Video, More Reports of Violence Emerge
Check out our earlier coverage for more on violence being reported today.
Witnesses are giving more details about security forces forcibly breaking up a demonstration at the parliament building, according to The Post's Thomas Erdbrink and William Branigin, who write that regular police, riot police and members of a special force known as the "Robocops" for their full body armor and special equipment converged on Baharestan Square to prevent a demonstration from taking shape.
In one confrontation between protesters and Basij members, a middle-aged woman wearing a light-blue headscarf and a black coat angrily refused orders to leave. "I'm going to stay here and see how many people you kill today," she told the Basij. A plainclothes agent emerged from the crowd, swore at the woman and took out a pair of handcuffs to arrest her. Other people tried to stop the agent, but Basij members rushed them and beat them with clubs, the witness said.
In addition to protesters, bystanders were caught up in the violence:
At a corner of Republic Street, a main center for printing shops, a young engaged couple fled into an alley to escape a charge by club-wielding security forces. "Why are they attacking me?" the frightened woman cried. "I only came here to print my wedding cards!"
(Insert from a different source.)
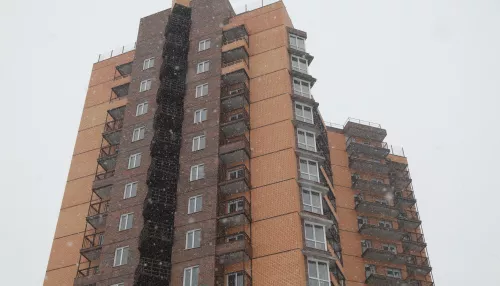 Полярная звезда зажглась: в Барнауле сдали в эксплуатацию проблемный дом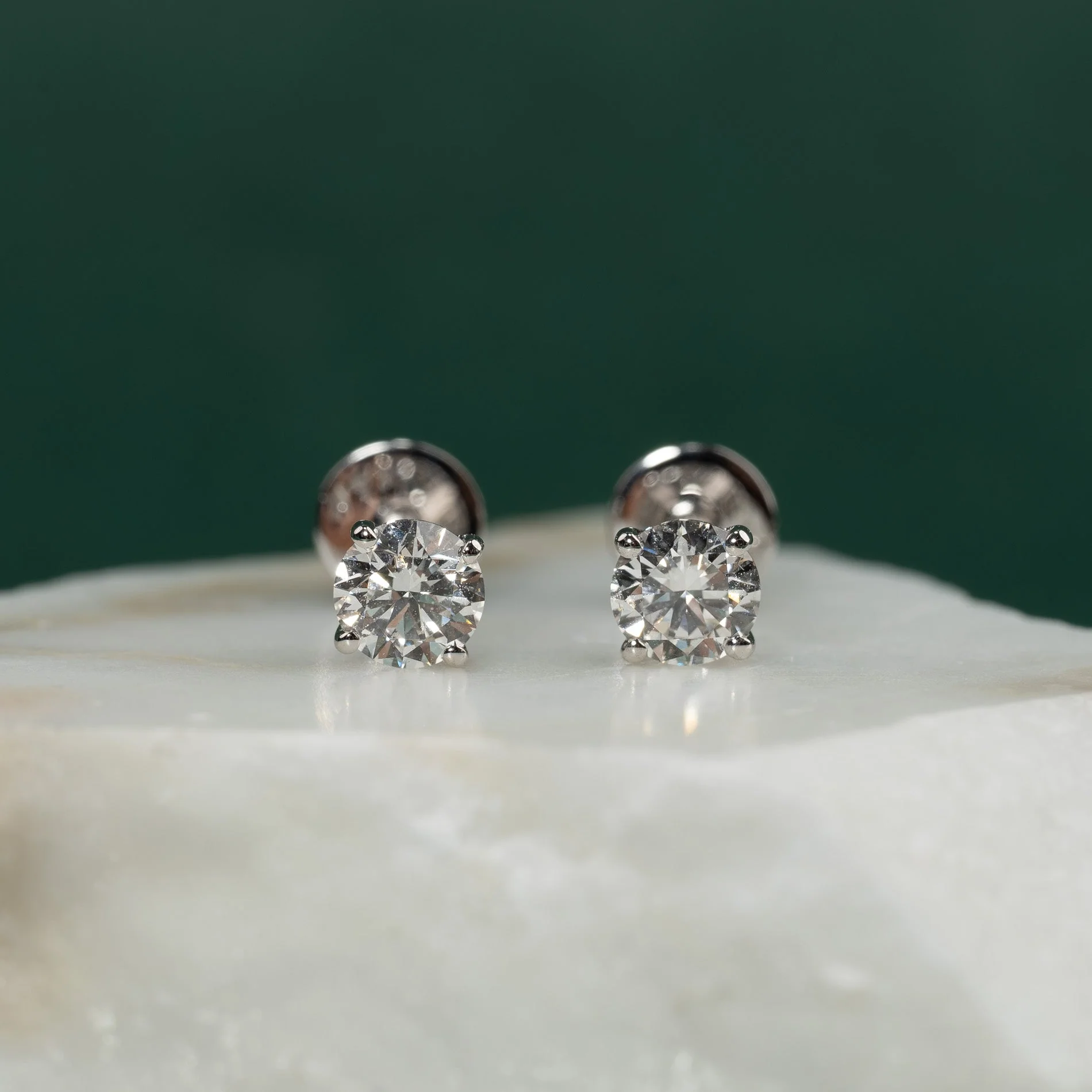 CLASSIC SOLITAIRE LAB-DIAMOND STUD EARRING - 0.5ct - WG - Image 4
A new video purporting to be footage from a rally today in Tehran is making the rounds on YouTube. The footage shows a chaotic and violent scene: black smoke billows from a fire burning in the street as a large crowd gathers. In a subsequent clip, an injured, possibly deceased, man is carried by his hands and feet through the streets. Words in Farsi scrolling across the screen (roughly translated by The Post's Tara Bahrampour) refer to "martyrs" killed by the pro-government Basij militia. As with other amateur videos emerging on YouTube from Iran, the footage is unedited and graphic, and The Post cannot vouch for its authenticity.